Set down exactly the lines below between the line holding "Steer Clear of Oily Products" and the line holding "E.Leclerc PEDRO LUIS", inclusive; no other line belongs in the answer.

§ PROVIDED DATA
= = =

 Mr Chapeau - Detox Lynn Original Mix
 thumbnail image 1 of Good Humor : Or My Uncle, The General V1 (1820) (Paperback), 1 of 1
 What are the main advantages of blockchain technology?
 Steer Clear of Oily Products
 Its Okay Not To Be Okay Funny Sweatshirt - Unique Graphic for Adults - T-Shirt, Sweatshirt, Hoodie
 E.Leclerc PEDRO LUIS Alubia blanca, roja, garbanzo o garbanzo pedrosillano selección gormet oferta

= = =

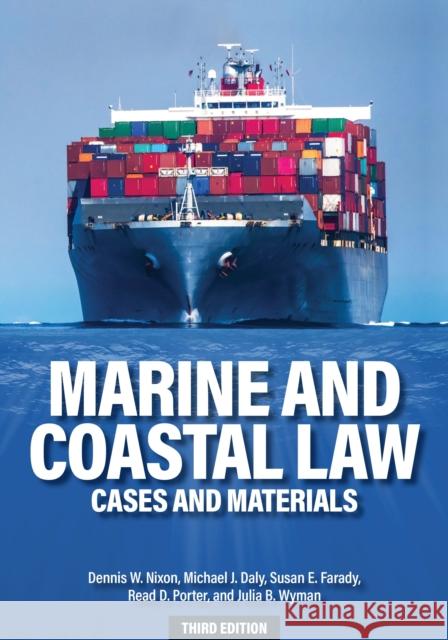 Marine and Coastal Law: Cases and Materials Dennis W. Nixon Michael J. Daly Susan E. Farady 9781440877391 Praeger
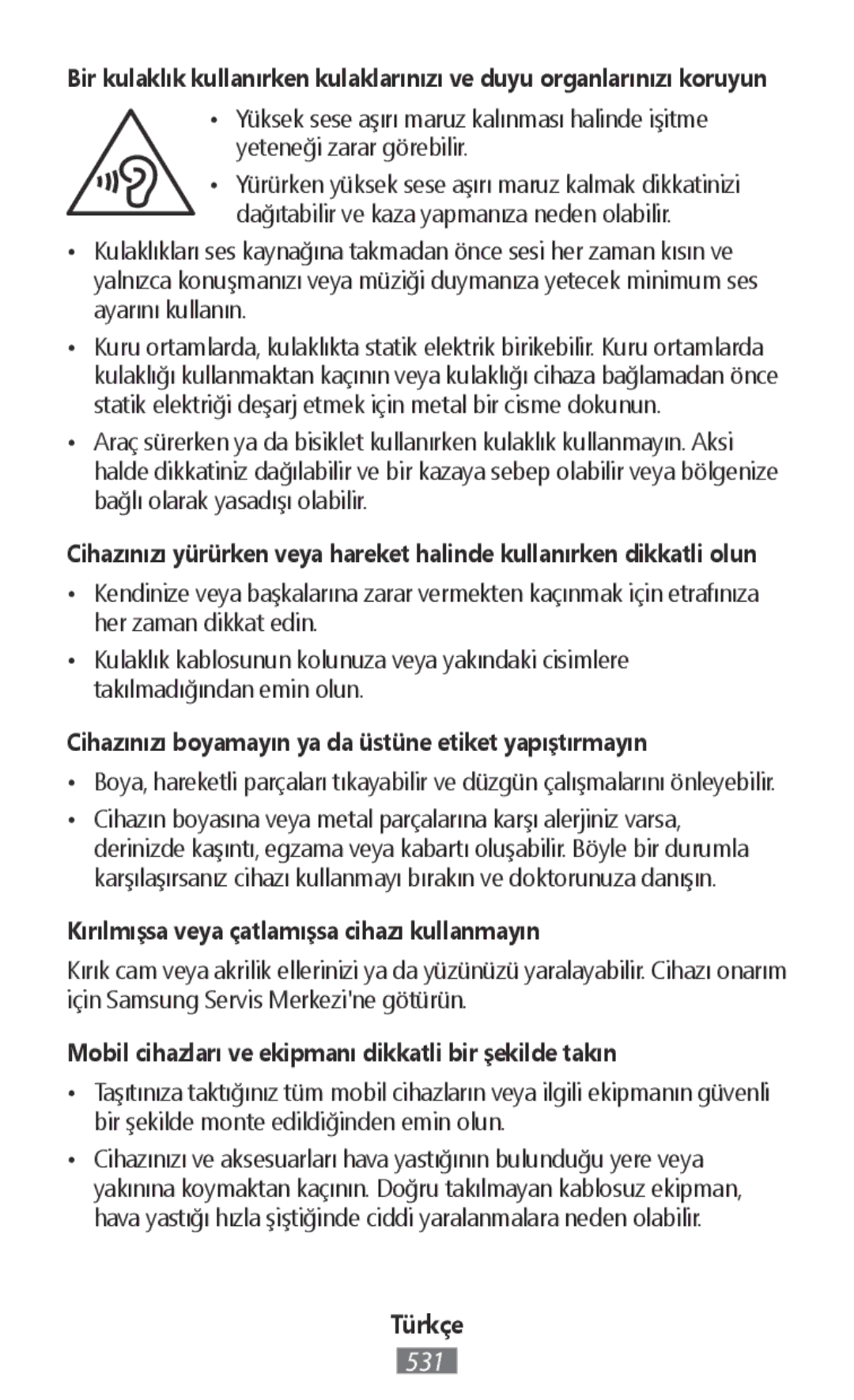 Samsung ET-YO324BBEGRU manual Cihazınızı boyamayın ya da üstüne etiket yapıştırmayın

= = =

§ SOLUTION TO THIS EXERCISE
 Steer Clear of Oily Products
 Its Okay Not To Be Okay Funny Sweatshirt - Unique Graphic for Adults - T-Shirt, Sweatshirt, Hoodie
 E.Leclerc PEDRO LUIS Alubia blanca, roja, garbanzo o garbanzo pedrosillano selección gormet oferta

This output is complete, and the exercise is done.